A lot of IT firms now evaluate programmers by both their technical skills and communication skills, initiative and teamwork. Clear and concise writing, critical thinking and the ability to always learn — to take in disparate facts, put them in context and express them clearly — these are the critical skills that will be the deal-breakers for future professionals.
Focus upon higher level math—learning patterns.
Arithmetic has always been the bane of most students at schools. Division, multiplication tables, word problems and hard formulas to memorize. Geometry? Trigonometry? Greek as far as most were concerned. We did everything from memory and in long hand. These days it does seem counter-intuitive that we don’t utilize calculators when teaching math when they are all around us, on phones, computers etc.
Mathematical skills are highly essential, however, the skills that are necessary for the future aren’t the ones being emphasized at school i.e. counting, multiplication to name just a few. What is critical is the ability to ascribe meaning from data.
It has been said that “Schools are still stuck on teaching 20th-century math for building things rather than 21st-century math for understanding things.” There ought be more focus on the mathematics of patterns (e.g. set theory, graph theory, etc.). This  is a shift to higher level math. The great mathematician G.H. Hardy put it, “A mathematician, is like a painter or a poet, is a maker of patterns.

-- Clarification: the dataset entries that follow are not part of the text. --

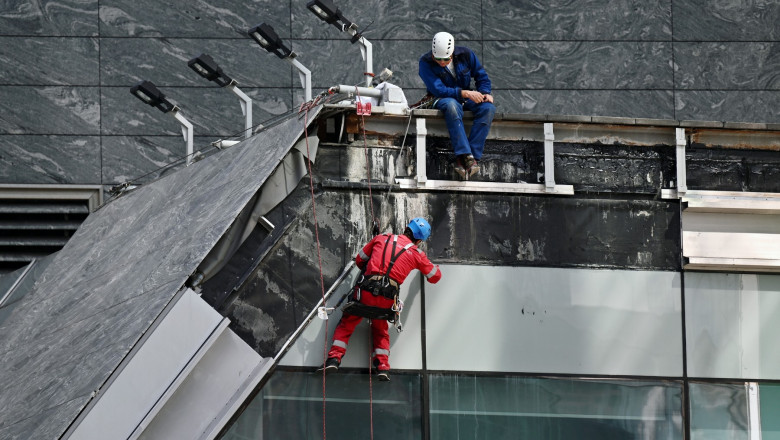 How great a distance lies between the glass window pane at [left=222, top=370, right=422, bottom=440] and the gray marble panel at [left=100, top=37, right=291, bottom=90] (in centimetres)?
886

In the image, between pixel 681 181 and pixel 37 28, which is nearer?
pixel 681 181

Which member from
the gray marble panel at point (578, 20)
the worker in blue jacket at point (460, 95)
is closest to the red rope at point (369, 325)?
the worker in blue jacket at point (460, 95)

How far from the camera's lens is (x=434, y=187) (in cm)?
1727

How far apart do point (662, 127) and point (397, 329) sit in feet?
13.3

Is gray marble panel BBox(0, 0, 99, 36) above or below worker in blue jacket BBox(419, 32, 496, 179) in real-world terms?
above

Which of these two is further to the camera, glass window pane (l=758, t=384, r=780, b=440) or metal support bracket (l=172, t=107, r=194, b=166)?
metal support bracket (l=172, t=107, r=194, b=166)

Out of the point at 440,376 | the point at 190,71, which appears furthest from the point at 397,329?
the point at 190,71

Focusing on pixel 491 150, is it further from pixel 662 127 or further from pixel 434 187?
pixel 662 127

If his patterns are more permanent than theirs, it is because they are made with ideas.”
More emphasis upon Exploration than knowledge.
At the end of the school term children are expected to know, dates of historical events, mathematical formulas, the name of specific biological structures, etc. However knowledge is dynamic now, a lot that we know now will be obsolete by the time our children are working.
The notion that education prepares you for your career is out of sync, we need to prepare our kids for a world that we don’t understand ourselves clearly yet. It is clearly beyond our grasp to make judgements about the information that they will need to know.
What we should do instead of filling their minds with redundant knowledge is equip them with the ability to explore things for themselves, take in new information, make sense of it and communicate what they’ve learned to others.
As technology takes over more tasks that were distinctly human, these are the skills that will be most crucial.
As things go haywire all about us, it is essential we teach our children how to adapt.
That is what we need to prepare our kids to do.

Adetola Salau; Educator / Speaker / Author/ Social Entrepreneur / Innovator

She is an Advocate of STEM Education and is Passionate about Education reform. She is an innovative thinker and strives for our society & continent as a whole to reclaim it’s greatness.